Pages

Friday, January 29, 2010

The One Year Anniversary

Today was the one year mark. Not a happy anniversary, but one that made me sad because a year ago today many of my friends and co-workers lost their jobs. One year ago today 1/3 of the staff in our department was shown the door,
eliminated,
laid-off
cut,
severed,
sent packing,
given the heave-ho,
"right-sized",
globalized,
displaced.

It was terrible -- and that's from my perspective -- and I wasn't even there since I had already left the office before it started to happen. In fact, I was leaving for my 1/2 day off when Pam and I passed each other in the lobby and wished each other a "good weekend". Then I went home and she went in to her "meeting" only to find out that she was getting the axe. Followed by so many others.
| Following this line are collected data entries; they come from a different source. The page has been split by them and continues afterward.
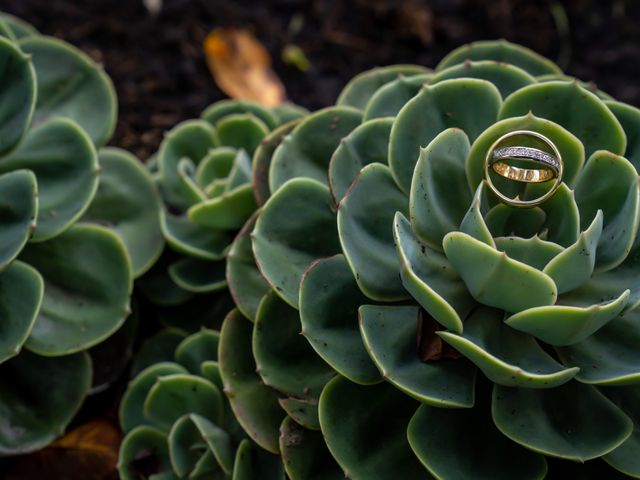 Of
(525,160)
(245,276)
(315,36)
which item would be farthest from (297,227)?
(315,36)

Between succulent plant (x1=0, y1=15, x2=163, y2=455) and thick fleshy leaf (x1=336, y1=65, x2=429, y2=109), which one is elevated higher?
thick fleshy leaf (x1=336, y1=65, x2=429, y2=109)

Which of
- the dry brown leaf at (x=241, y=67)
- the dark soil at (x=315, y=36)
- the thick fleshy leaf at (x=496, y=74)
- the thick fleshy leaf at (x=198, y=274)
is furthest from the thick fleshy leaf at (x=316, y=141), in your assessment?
the dry brown leaf at (x=241, y=67)

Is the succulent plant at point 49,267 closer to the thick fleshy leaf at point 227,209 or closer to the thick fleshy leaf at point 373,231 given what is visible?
the thick fleshy leaf at point 227,209

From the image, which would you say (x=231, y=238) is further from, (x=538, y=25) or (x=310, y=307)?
(x=538, y=25)

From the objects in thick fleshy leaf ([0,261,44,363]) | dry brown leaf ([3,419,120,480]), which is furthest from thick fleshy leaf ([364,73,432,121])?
dry brown leaf ([3,419,120,480])

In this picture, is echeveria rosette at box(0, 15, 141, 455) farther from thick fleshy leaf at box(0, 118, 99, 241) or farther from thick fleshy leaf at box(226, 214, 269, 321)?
thick fleshy leaf at box(226, 214, 269, 321)

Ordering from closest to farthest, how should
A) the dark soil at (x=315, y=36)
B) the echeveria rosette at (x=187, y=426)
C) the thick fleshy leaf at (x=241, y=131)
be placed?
the echeveria rosette at (x=187, y=426), the thick fleshy leaf at (x=241, y=131), the dark soil at (x=315, y=36) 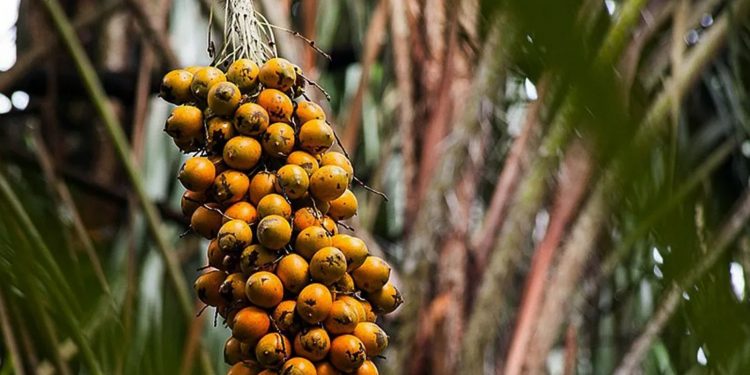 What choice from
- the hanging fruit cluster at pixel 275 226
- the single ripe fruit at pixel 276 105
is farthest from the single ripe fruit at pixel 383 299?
the single ripe fruit at pixel 276 105

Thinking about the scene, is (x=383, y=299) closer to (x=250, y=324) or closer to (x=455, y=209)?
(x=250, y=324)

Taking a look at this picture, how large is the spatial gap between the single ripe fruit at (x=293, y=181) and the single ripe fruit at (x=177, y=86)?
82 millimetres

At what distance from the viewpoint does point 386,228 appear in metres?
2.08

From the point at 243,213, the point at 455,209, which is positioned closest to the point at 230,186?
the point at 243,213

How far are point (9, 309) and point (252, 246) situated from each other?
0.37m

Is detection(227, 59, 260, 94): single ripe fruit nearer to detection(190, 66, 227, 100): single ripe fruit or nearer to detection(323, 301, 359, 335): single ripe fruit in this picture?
detection(190, 66, 227, 100): single ripe fruit

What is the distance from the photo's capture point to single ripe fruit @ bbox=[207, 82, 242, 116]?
Answer: 56 cm

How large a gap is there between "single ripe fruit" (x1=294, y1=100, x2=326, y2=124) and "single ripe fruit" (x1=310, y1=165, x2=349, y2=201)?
0.10ft

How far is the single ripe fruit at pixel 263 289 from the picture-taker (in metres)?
0.53

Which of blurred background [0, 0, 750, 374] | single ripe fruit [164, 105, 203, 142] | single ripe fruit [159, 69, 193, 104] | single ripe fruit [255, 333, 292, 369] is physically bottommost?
blurred background [0, 0, 750, 374]

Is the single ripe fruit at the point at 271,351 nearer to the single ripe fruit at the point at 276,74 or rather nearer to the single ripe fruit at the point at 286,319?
the single ripe fruit at the point at 286,319

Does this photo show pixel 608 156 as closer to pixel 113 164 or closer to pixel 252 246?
pixel 252 246

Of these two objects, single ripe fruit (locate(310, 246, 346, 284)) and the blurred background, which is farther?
the blurred background

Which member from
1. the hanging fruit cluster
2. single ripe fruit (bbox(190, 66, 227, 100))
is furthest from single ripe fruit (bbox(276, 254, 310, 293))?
single ripe fruit (bbox(190, 66, 227, 100)) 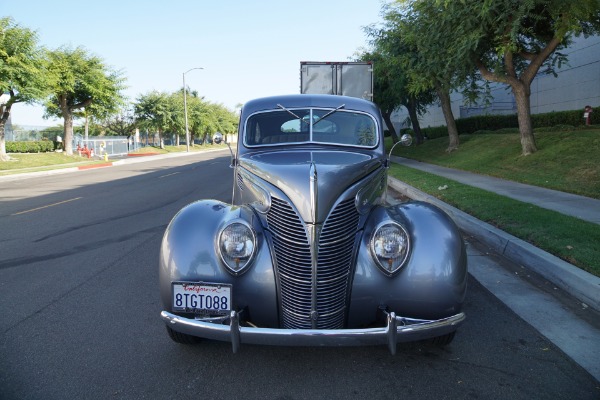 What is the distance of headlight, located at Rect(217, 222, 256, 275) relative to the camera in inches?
117

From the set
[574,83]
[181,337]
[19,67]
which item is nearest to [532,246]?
[181,337]

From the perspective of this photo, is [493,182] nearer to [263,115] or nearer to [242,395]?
[263,115]

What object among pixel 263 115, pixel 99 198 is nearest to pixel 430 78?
pixel 99 198

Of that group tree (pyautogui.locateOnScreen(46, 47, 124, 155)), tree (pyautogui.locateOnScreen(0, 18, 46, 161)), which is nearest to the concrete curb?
tree (pyautogui.locateOnScreen(0, 18, 46, 161))

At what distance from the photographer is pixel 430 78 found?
54.3 ft

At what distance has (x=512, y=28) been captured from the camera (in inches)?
450

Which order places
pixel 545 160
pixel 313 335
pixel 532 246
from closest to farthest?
1. pixel 313 335
2. pixel 532 246
3. pixel 545 160

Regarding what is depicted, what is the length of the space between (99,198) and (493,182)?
1040cm

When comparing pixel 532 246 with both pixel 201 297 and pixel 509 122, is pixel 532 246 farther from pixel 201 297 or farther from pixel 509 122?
pixel 509 122

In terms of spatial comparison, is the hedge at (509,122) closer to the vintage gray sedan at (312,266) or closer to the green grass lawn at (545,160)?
the green grass lawn at (545,160)

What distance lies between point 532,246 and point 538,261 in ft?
1.65

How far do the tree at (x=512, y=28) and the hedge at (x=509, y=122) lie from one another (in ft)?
13.9

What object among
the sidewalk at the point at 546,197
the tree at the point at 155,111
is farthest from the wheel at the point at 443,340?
the tree at the point at 155,111

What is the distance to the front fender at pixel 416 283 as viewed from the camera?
2.98 m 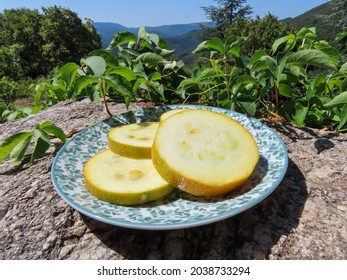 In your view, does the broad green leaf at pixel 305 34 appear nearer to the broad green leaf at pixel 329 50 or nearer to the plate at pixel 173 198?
the broad green leaf at pixel 329 50

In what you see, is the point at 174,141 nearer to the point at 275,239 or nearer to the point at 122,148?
the point at 122,148

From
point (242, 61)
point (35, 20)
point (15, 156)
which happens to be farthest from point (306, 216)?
point (35, 20)

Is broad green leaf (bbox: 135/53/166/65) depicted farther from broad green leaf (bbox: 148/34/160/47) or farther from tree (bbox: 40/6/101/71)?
tree (bbox: 40/6/101/71)

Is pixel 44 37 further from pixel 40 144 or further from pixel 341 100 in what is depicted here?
pixel 341 100

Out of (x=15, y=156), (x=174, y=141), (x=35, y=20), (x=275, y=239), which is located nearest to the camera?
(x=275, y=239)

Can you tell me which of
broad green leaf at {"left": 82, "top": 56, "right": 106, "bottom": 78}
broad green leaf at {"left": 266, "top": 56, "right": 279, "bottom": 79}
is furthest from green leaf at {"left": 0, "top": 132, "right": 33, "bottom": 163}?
A: broad green leaf at {"left": 266, "top": 56, "right": 279, "bottom": 79}

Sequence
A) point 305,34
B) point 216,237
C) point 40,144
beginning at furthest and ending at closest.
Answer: point 305,34, point 40,144, point 216,237

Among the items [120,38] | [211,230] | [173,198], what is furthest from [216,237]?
[120,38]

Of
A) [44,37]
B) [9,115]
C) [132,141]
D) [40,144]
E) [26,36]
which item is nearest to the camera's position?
[132,141] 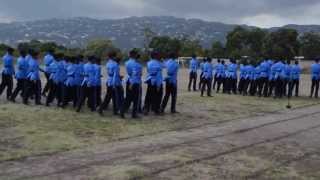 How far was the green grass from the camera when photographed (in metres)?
12.7

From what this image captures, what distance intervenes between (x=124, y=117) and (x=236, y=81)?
43.9 feet

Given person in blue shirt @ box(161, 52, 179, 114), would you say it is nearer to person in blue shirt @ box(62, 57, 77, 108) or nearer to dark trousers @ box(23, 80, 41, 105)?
person in blue shirt @ box(62, 57, 77, 108)

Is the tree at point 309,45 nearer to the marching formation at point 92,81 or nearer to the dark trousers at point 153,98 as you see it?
the marching formation at point 92,81

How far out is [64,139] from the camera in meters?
13.5

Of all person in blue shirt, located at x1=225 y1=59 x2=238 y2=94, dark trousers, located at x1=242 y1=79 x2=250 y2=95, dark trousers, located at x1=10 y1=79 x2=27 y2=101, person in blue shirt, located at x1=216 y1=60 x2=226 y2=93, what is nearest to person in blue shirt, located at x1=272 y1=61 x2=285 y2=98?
dark trousers, located at x1=242 y1=79 x2=250 y2=95


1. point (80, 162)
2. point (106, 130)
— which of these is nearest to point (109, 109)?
point (106, 130)

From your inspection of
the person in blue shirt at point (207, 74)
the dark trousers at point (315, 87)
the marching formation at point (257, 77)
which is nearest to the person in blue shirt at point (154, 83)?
the person in blue shirt at point (207, 74)

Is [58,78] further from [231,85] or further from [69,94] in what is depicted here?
[231,85]

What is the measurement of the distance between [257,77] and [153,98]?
1118 centimetres

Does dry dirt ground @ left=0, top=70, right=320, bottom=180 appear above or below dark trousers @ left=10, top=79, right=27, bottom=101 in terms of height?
below

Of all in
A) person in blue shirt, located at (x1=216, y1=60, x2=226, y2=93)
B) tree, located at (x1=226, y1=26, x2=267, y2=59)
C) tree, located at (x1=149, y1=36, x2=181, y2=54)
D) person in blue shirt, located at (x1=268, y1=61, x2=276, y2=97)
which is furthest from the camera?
tree, located at (x1=226, y1=26, x2=267, y2=59)

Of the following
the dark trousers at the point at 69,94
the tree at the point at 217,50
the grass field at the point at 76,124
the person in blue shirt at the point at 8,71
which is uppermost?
the person in blue shirt at the point at 8,71

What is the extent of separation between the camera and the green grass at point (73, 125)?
1270 cm

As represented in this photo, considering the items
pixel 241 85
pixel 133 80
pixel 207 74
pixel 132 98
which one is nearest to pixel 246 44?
pixel 241 85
So sad. It makes me tear up every time I think about that day, and I wasn't even there to experience what happened first-hand:
- the anxiety,
- the knowledge that you might be next,
- the hours of waiting and uncertainty,
- the knowledge that if the department secretary came to your cube it was bad,
- the security guys escorting people out.

They joined the ranks of the unemployed a year ago today during the worst economic time that I remember. The worst that many of us remember. Perhaps the worst ever (although that remains to be seen -- history will tell).

I cried daily for months after it happened -- and I was one of the ones who was still employed. I dreaded going to work because I could hardly bear to be there, so I cried. I dreaded the drive home because by that time I'd had all I could take, and I cried some more. I felt survivor's guilt, so I cried. I got some "help" and still I cried. I did what I could to support them through this tough, tough time, and I cried -- we all cried. Buckets, waterfalls of tears.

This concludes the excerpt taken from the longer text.